Roy Exum: Not On Him, Inside Him!

  • Friday, May 20, 2016
  • Roy Exum
Roy Exum
Roy Exum

It was towards the end of Thursday night’s meeting of the Hamilton County School Board when Lee McDade, who handles disciplinary problems for the school district, brought up a last-minute appeal by a student who will not get to “walk” at graduation next week because the boy genius just showed up at school “under the influence.”

The Department of Education has a zero-tolerance rule that specifically states that if a student shows up at school with drugs, the errant child shall be suspended for the remainder of the year. But because the child’s grandmother is sick, among other things, the board was asked to cave in and toss discipline to the curb.

The HCDE has already given Mr. Illegal Chemistry a break, ruling that instead of waiting until this time next year to receive his diploma, he will still be able to receive it this spring (in the mail or whatever) and, hopefully, enroll in some type of post-secondary educational or technical program.

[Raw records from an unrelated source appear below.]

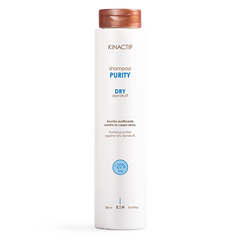 KINACTIF Purity Shampoo Dry Dandruff KIN Шампунь для кожи головы с сухой перхотью 1000 мл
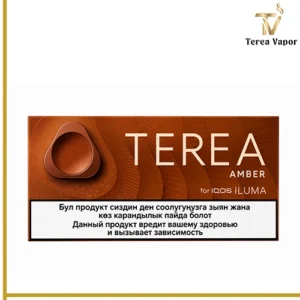 IQOS TEREA Amber Kyrgyzstan – Rich Tobacco Flavor for IQOS ILUMA
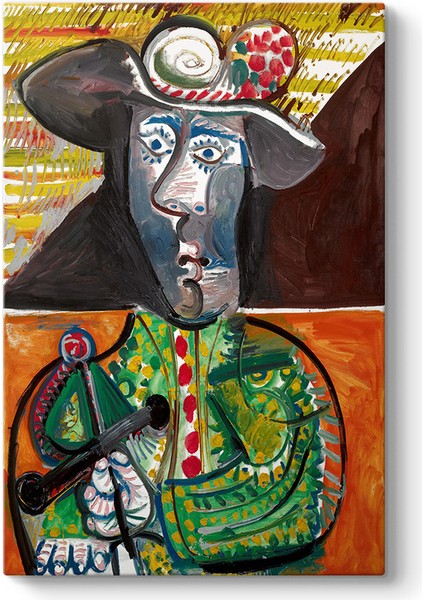 Pablo Picasso - Le Mâtador Tablosu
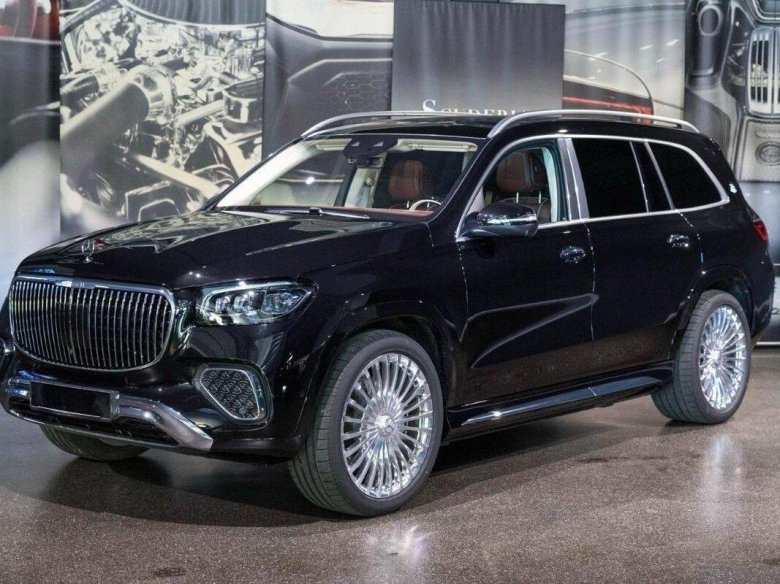 Mercedes benz maybach gls 600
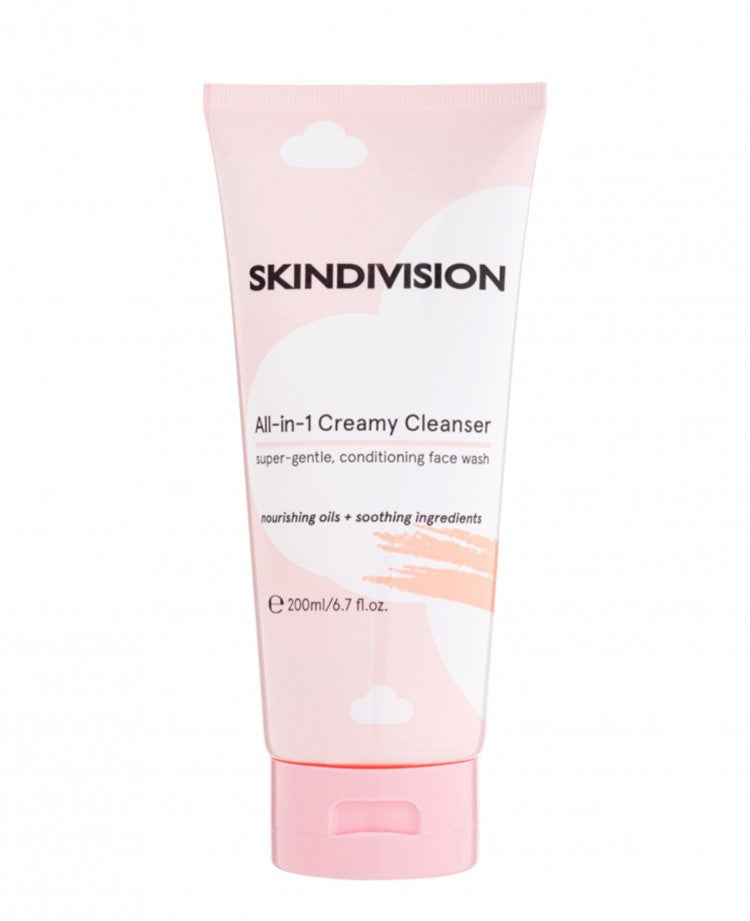 Крема за чистење лице за секој тип кожа | All In 1 | 200 ml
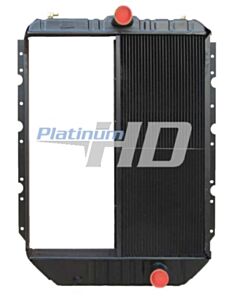 International Copper / Brass Radiator (4 Row Standard Core) (4 Row Standard Core) (With Dimpled Tubes)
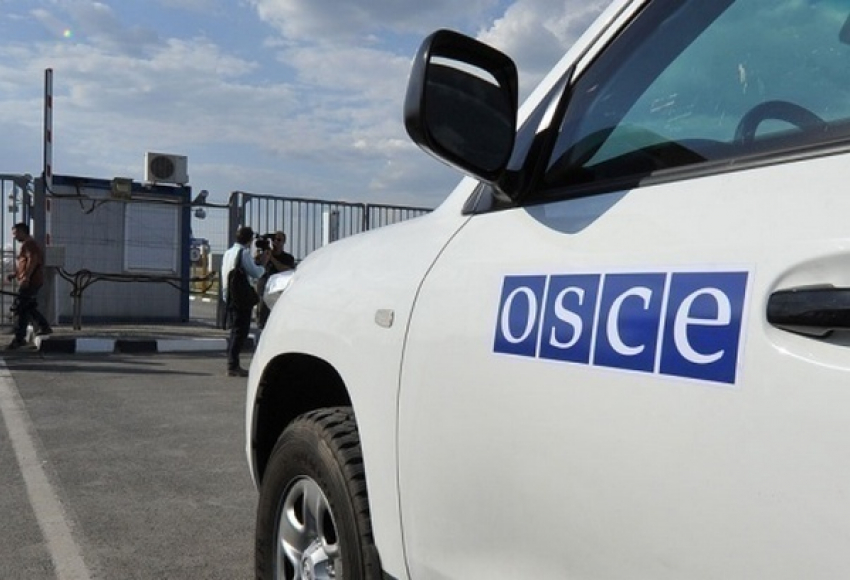 Наблюдатели ОБСЕ заявили о стрельбе по территории Украины со стороны Ростовской области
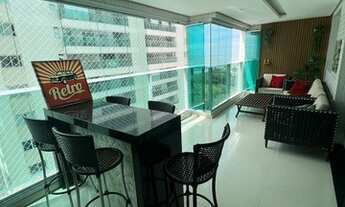 Imagem 5: Mega apto de luxo na Av dos Holandeses - andar alto - 2 suites sendo 1 com closet - varand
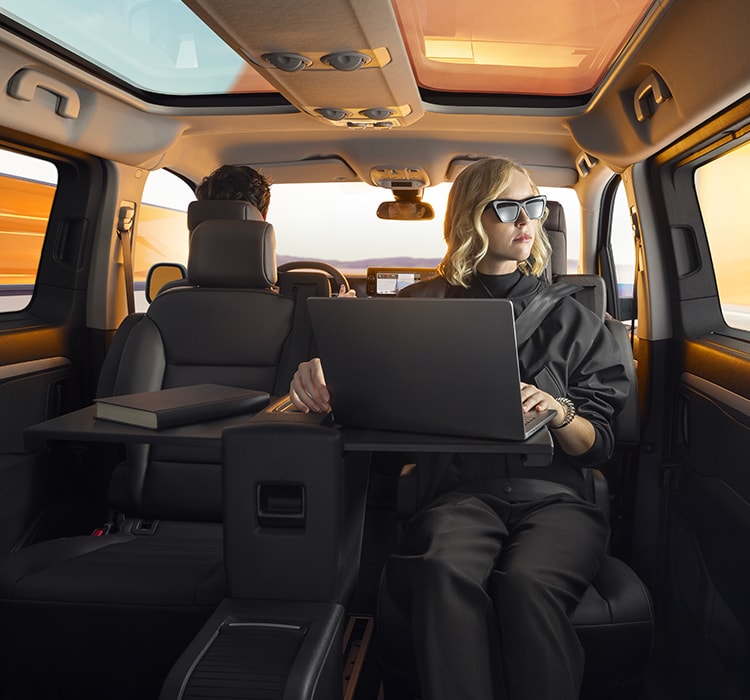 Nuovo PEUGEOT E-TRAVELLER modularità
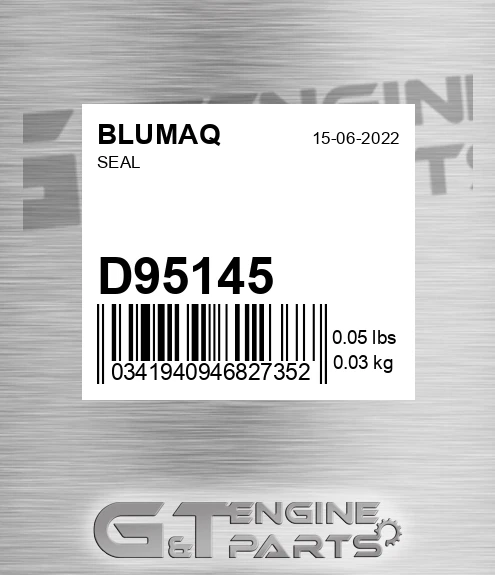 D95145 BLUMAQ Seal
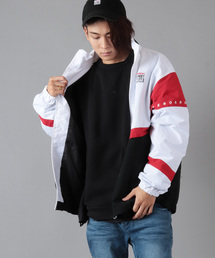 VISION STREET WEAR | 【VISION STREET WEAR】レトロスポーツビッグシルエットナイロンジャケット/トラックジャケット(ナイロンジャケット)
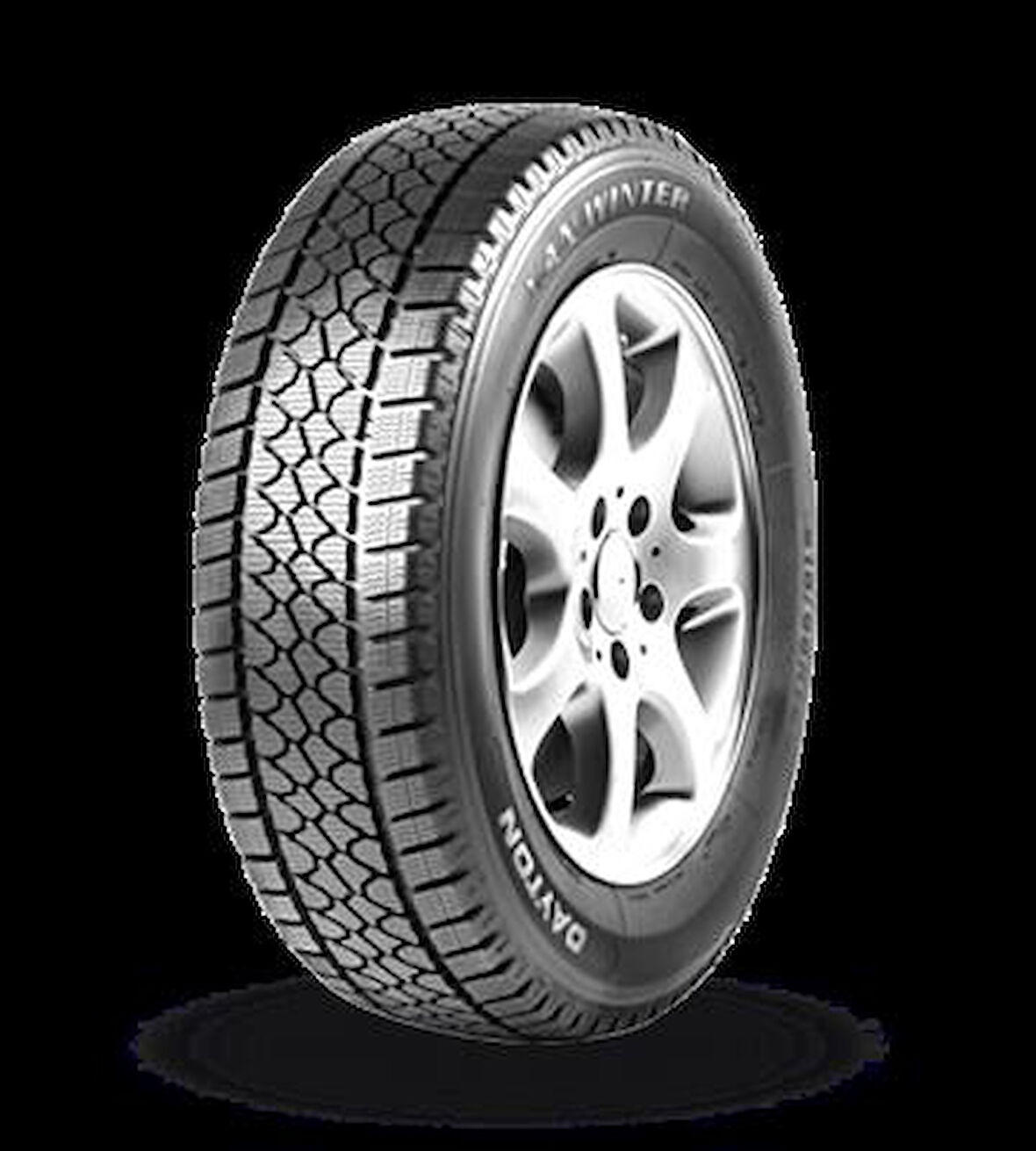 195/75R16C 107/105R DAYTON VAN WINTER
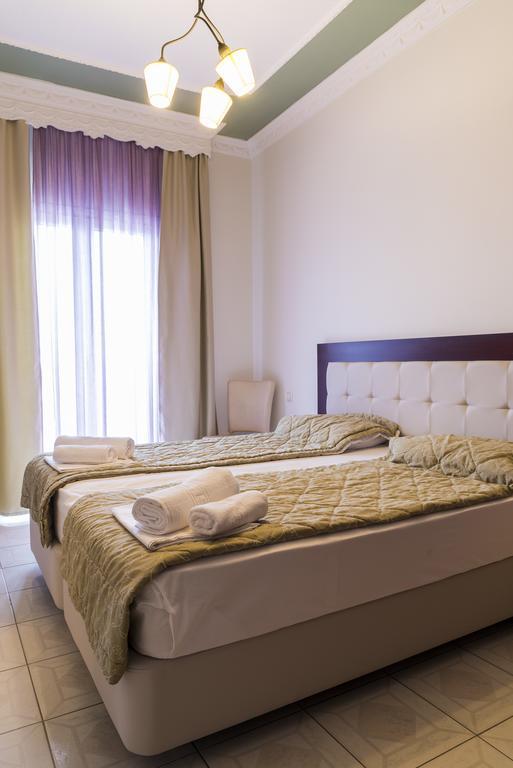 Hotel Zografos Paralía Exterior foto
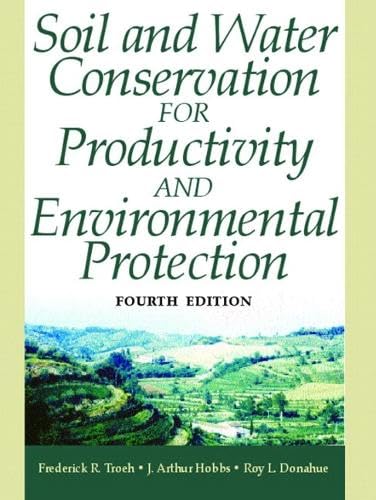 Soil and water conservation Cover
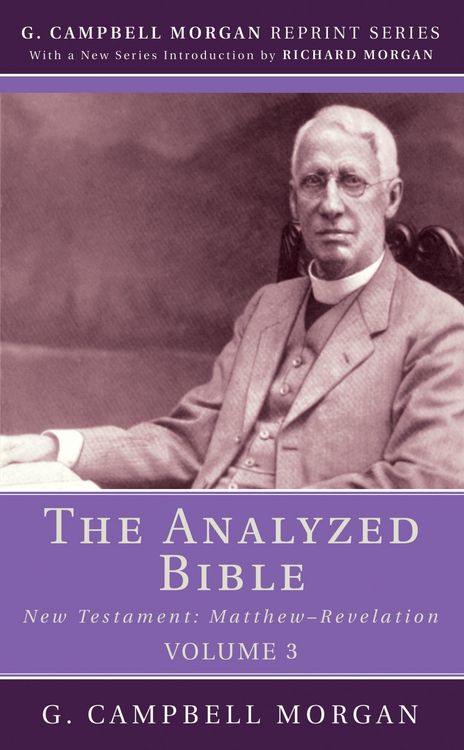 Produktbild: The Analyzed Bible, Volume 3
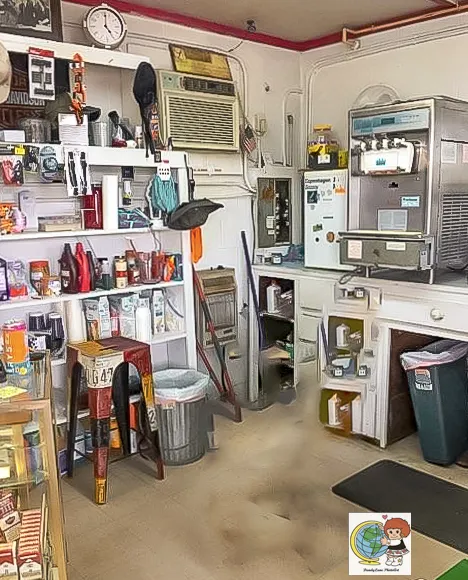 Lovett's Garage 2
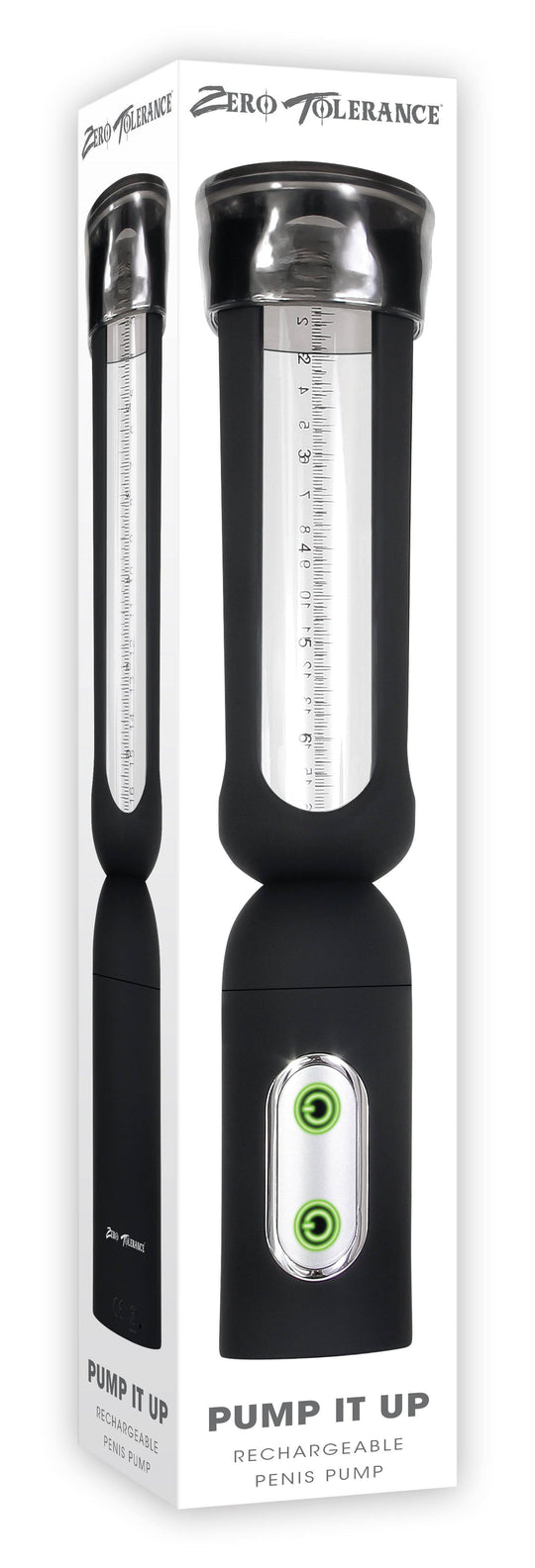 Zero Tolerance PUMP IT UP BLACK/CLEAR - FifthGate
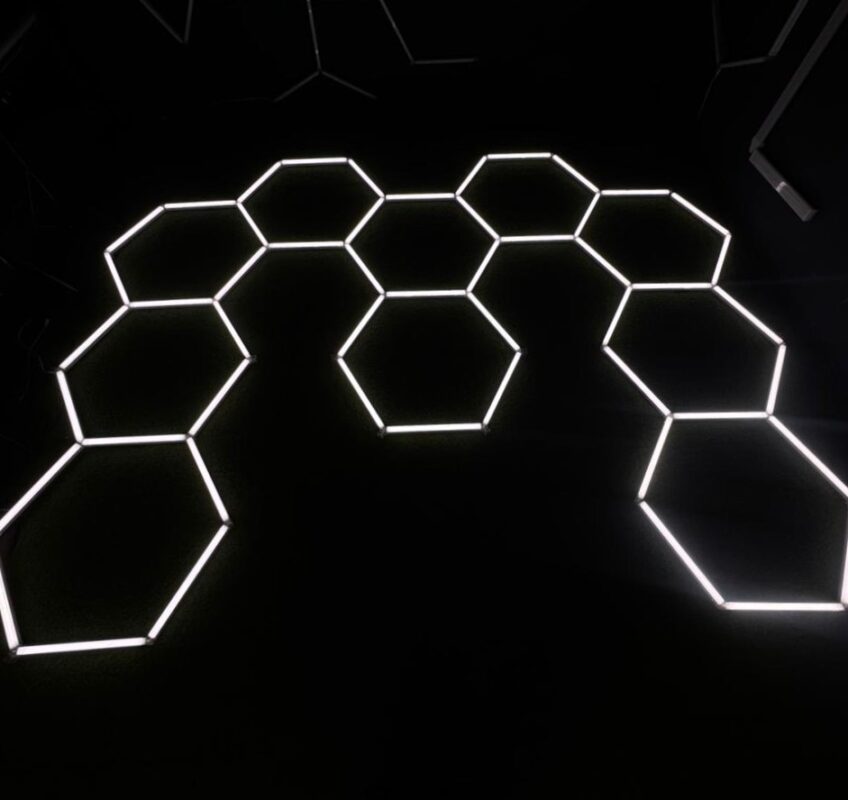 Sistema Hexa Kit 10 Hexágonos 3,60 m x 3,90 m  (392W)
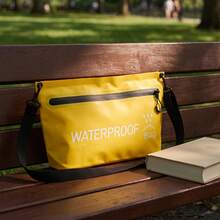 Waterproof Outdoor Crossbody Bag With Adjustable Shoulder Strap, Zipper Travel Storage Pouch For Camping, Hiking, Fishing And Beach - Multicolor - View 7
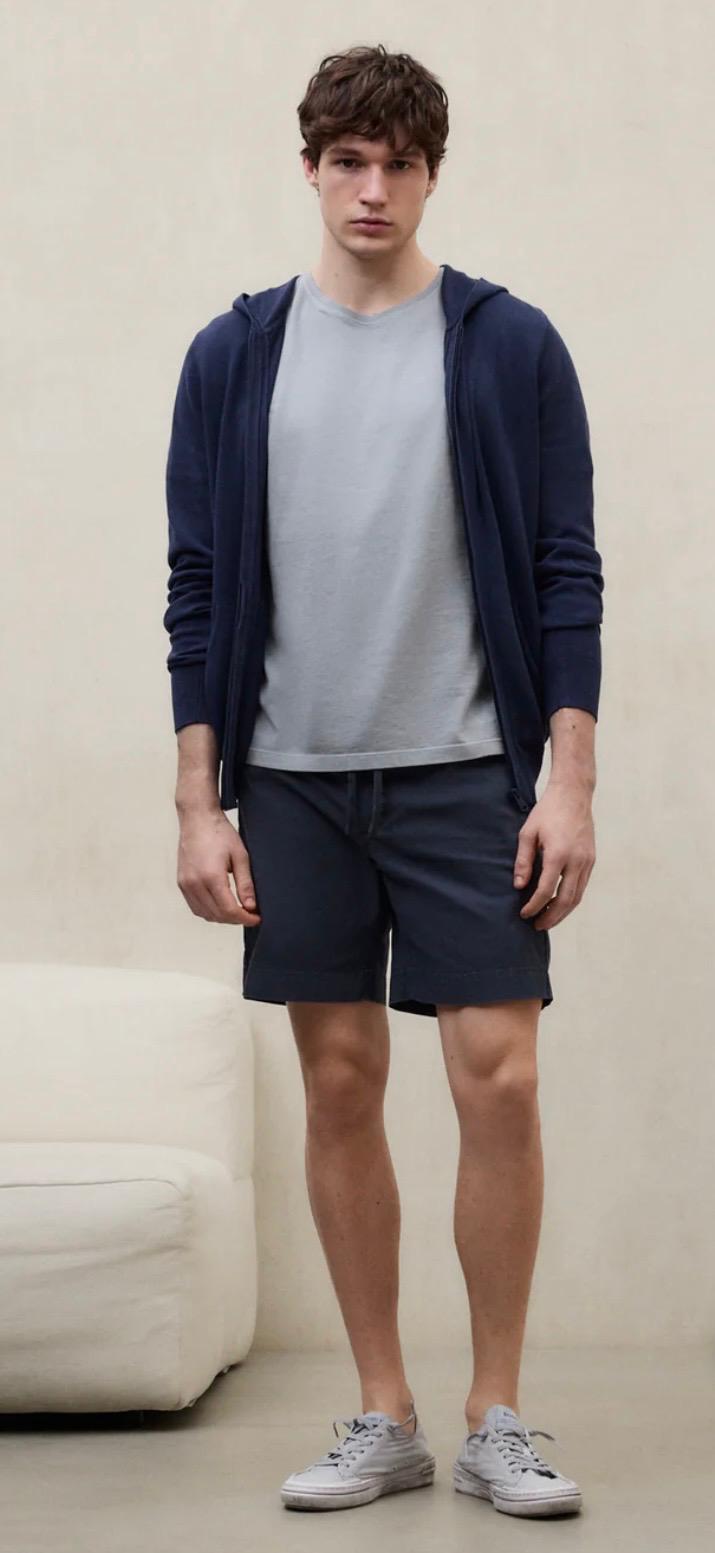 ECOALF — Bermuda cotone uomo ETHIC SHORTS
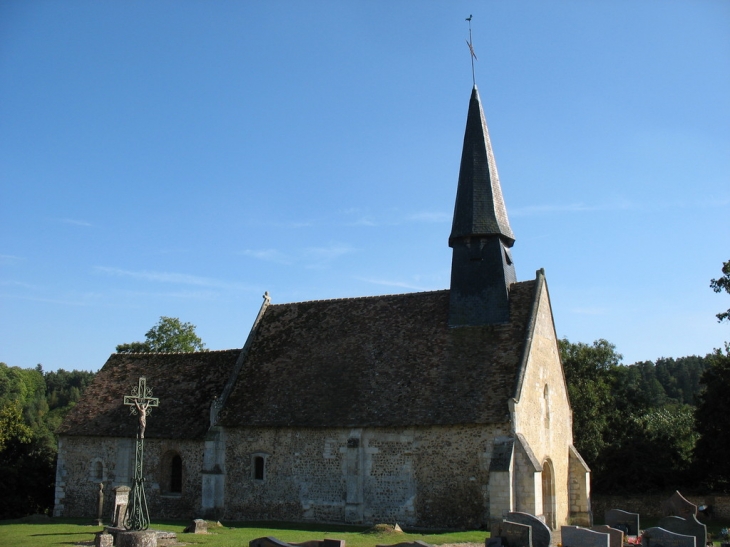 Eglise Saint-Martin - La Croisille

But in the most mystifying, exasperating moment of the night, the board’s two black members voted that, yes indeed, our learning-under-the-influence champion should walk with his classmates.

George Ricks, who has repeatedly reiterated he “just wants us all to love each other,” said he wanted to support the Department of Education “but I did things when I was young when all I needed was a second chance,” which is perfectly noble but sends a message to 42,000 kids that zero-tolerance doesn’t count if grandmother is sick, if every other child in the system heeds the rule, or if you have an “In” on the school board. Please, this is where we are!

Far worse was board member Karitsa Mosley, who tried to pass a technicality of sorts saying the druggie didn’t have any drugs on his person. Are you kidding me – it doesn’t make any difference if he didn’t have drugs on him -- if he had drugs inside him! Mosley has a chance to be a bright star on the school board but, brother, “the wheel may be still spinning but the hamster is long gone.”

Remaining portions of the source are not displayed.